Ava
Let me know if you like the prologue to this, plz. I love your opinions. If you're reading this please comment and give me feedback. I appreciate it more than you could even imagine.
Prologue
"Don't ever get too attached to anybody," my mother told me one cold November night. "'Cause it'll just hurt you more when they leave; and I've lived long enough to tell you that nobody ever stays when they don't have to." My mother Clairah has been stepped on, let down and continually used her entire life, but no matter where she goes in life, she never looks back. "What's the past is the past. You'd get more use out of starting over at the first grade again that in trying to live for the past."
After years of having friend after friend, family member after family member leave her, my mother did not trust a single soul. She knew enough then to know when she was being lied to, and when she didn't know she never wanted to take any chances. Despite her unwillingness to let others in, my mother was still the most charitable person I knew. When you finally did earn her trust, you knew she was going to dedicate every ounce of her being into making sure you were one hundred percent happy. But like so many others have seen, if you broke Clairah Bentham's trust, you just broke a connection to the world's greatest care giver.
When my Aunt Ava left for a vacation and didn't tell anybody except for my mother where she was going and what she was doing, my mother broke all ties with her sister and took my cousin Richie in. Even though we only lived a few blocks down from each other, I never really got the chance to see Richie that often. My Aunt Ava divorced Richie's father after he accused her of cheating on the pretense that she was always taking mini vacations and never telling anyone where she was going, and Richie spent every free second she could with her father. It wasn't that she didn't get along with her mom, but Richie always felt the need to try to win approval from her father - the one person who she would never earn it from. Aunt Ava told me one day, on the rare occasion that she and I were left alone in a room for longer than five minutes, that sometimes she just wanted to leave the life she was living for a while and "live someone else's life," even if it was only for a day.
"What's wrong with your life now?" I'd asked, unable to fathom why a grown woman and the mother of a child would ever try to escape her life. A perfect life to me then still meant graduating college, getting married and having kids. To me, there was nothing more to it.
"You won't understand right now, Liah," she told me. "Maybe when you're older and you have kids yourself..." Aunt Ava didn't look up at me as she said this; she just let her eyes stay glued to a spot on the ground. I could see the sadness she let touch her eyes but when I asked her what was wrong she just told me to listen to my mom. "You mother knows what she's doing, even if it doesn't seem right to you at the time. Got it?" I nodded. "I don't ever want you to talk back to her, or to tell her no or get sassy or anything like that. Y'hear?" I nodded. "Alright," she said, letting a gust of sad air steam out of her mouth.
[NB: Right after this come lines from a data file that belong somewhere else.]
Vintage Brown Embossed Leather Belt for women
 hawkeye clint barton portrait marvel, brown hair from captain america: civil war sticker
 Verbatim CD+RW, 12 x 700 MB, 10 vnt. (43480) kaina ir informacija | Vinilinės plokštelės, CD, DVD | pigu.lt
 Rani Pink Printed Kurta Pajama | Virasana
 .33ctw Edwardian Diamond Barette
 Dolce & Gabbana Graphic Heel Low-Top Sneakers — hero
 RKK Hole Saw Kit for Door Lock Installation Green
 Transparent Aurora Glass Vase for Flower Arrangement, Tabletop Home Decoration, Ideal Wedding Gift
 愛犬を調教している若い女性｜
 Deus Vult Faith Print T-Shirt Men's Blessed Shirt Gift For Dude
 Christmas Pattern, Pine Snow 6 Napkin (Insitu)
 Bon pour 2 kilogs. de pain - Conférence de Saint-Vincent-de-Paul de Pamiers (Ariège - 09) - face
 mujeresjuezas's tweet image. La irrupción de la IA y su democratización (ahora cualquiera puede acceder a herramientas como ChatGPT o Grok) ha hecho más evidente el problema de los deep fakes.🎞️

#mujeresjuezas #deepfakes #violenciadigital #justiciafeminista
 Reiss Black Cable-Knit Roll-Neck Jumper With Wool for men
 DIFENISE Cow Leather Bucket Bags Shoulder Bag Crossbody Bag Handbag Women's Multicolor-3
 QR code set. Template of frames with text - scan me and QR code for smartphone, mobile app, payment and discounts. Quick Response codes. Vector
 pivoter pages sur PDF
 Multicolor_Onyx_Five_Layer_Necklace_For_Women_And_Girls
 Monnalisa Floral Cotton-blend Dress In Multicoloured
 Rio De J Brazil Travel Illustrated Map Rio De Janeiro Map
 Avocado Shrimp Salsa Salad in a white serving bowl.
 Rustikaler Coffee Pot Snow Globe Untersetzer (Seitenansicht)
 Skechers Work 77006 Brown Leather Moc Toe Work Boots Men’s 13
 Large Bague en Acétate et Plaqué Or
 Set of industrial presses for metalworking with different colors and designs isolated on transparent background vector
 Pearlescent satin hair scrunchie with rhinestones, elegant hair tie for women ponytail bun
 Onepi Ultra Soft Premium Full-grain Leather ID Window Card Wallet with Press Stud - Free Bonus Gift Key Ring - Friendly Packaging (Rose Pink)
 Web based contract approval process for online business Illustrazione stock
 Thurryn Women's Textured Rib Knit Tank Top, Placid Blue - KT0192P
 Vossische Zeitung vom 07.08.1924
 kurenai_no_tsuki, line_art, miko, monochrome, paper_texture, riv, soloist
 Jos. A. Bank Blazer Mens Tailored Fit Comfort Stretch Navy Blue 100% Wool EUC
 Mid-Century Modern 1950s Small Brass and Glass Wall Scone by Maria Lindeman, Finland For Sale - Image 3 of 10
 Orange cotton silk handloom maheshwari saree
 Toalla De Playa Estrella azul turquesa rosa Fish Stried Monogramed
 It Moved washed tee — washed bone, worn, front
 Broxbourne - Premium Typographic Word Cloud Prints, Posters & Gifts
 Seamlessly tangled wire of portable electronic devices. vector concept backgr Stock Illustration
"Let's get you to bed." Although I was in fourth grade, and well past the bed-tucking stage, I let Aunt Ava tuck me in for the first and last time. About two months later, Aunt Ava filed a diverse against my Uncle Terry and was on her merry way to four weeks of solitary aloneness with the road, the car and her very self...
Richie was a lot like my Aunt Ava. Both had their thoughtful moments, but when it came down to it, the only ones that matter were themselves. The only reason Aunt Ava kept going out on mini vacations by herself was to get away from her problems, while unknowingly starting new ones with her own daughter. A working father and a perpetually missing mother meant a child with no direction in life. I always did feel sorry for her, though. Nobody was there to teach her that you do not say no to your guardians, and nobody was there for her to vent about her daily problems that any normal teenager has. The damage was done, though. Richie's pieces would never quite fit back with each other ever again and they would surely never work with my mother's.
"Mom went on another trip," Richie chimed in as I asked my mother about Aunt Ava's whereabouts. My mother shushed her.
"I don't know where your Aunt Ava's off to this time, Lee. Couldn't tell you even if I knew."
"But - "I argued to try to explain to my mother that she told me Aunt Ava had called, leaving her plans for the future.
"Stay out of it, Liah," she warned.
"I can tell you where she went," a sixteen-year-old Richie said as soon as my mother was out of ear shot.
"Where?" I asked, fully expecting an honest answer.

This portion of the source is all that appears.